In this installment of my series on SGen, Mono’s new garbage collector, we shall be looking at how finalizers and weak references are implemented, and why you (almost certainly) should not use finalizers.
Tracking object lifetime
Both finalizers and weak references need to track the lifetime of certain objects in order to take an action when those objects become unreachable. To that end SGen keeps lists of finalizable objects and weak references which it checks against at the end of every collection.
If the object referred to by a weak reference has become unreachable, the weak reference is nulled.
If a finalizable object is deemed unreachable by the collector, it is put onto the finalization queue and it is marked, since it must be kept alive until the finalizer has run. Of course, all objects that it references have to be marked as well, so the main collection loop is activated again.
A nursery collection cannot collect an object in the major heap, so it is not necessary to check the status of old objects after a nursery collection. That is why SGen keeps separate finalization and weak reference lists for the nursery and major heaps.
SGen uses a dedicated thread for invoking finalizers. The finalization queue is processed one object at a time. As long as an object is in the finalization queue it is also considered live, i.e. the finalization queue is a GC root.
Resurrecting an object means making it reachable again from within its finalizer or a finalizer that can still reach the object (or via a tracking weak reference). The garbage collector does not have to treat this case specially—until the finalizer has run the object is considered live by virtue of its being in the finalization queue, and afterwards it is live because it is reachable through some other root(s).
Tracking weak references
If an object is weakly referenced and has a finalizer, the weak reference will be nulled during the same collection as the finalizer is put in the finalization queue. That is not always desirable, especially for objects that might be resurrected.
Tracking references solve the problem by keeping the reference intact at least until the finalizer has run. Once the finalizer has finished, a tracking reference acts like a standard weak reference, i.e. it will be nulled once the object becomes unreachable, typically during the next collection (unless the object was resurrected).
When SGen encounters a tracking reference, instead of nulling it, it turns it into a non-tracking reference. The referenced object is now on the finalization queue and therefore considered live again, so the reference will not be nulled before the finalizer has run.
Why finalization is Evil
Finalization should not be used to manage scarce resources, such as file descriptors.
Time of finalization is not determined
Unless you force a garbage collection and wait for the finalizers to finish, the time at which they are run is not determined. If your program does not allocate a lot of memory, or your heap is huge, it might take a very long time until a major collection is triggered, so dead objects on the major heap might not be finalized in time before your scarce resource is depleted.
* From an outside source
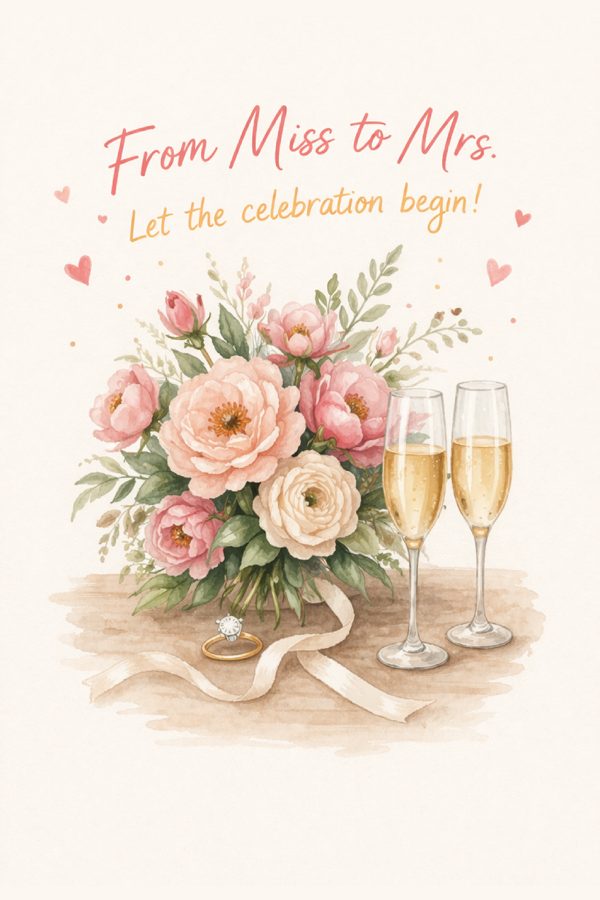 Let the Celebration Begin bridal shower card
In this highly recommended talk (starting at 8:35) Cliff Click gives an example where it was necessary to put a hack into the JVM garbage collector that triggered a collection whenever the system ran out of file handles, because Apache Tomcat relied on finalizers to reclaim them.
Finalizers run one after another
A finalizer that performs a time consuming task will delay the execution of other finalizers. An especially worrisome case is finalizers that do potentially blocking I/O. Depending on the timeout of the operation, other finalizers can be blocked for a long time.
Finalizers make objects live longer
Since finalizable objects are considered live until their finalizers have run, they also consume memory until their finalizers have run and the next garbage collection is triggered. This not only applies to the finalizable objects themselves but to all objects they reference as well. This is particularly problematic if finalization is blocked by an ill-behaved finalizer.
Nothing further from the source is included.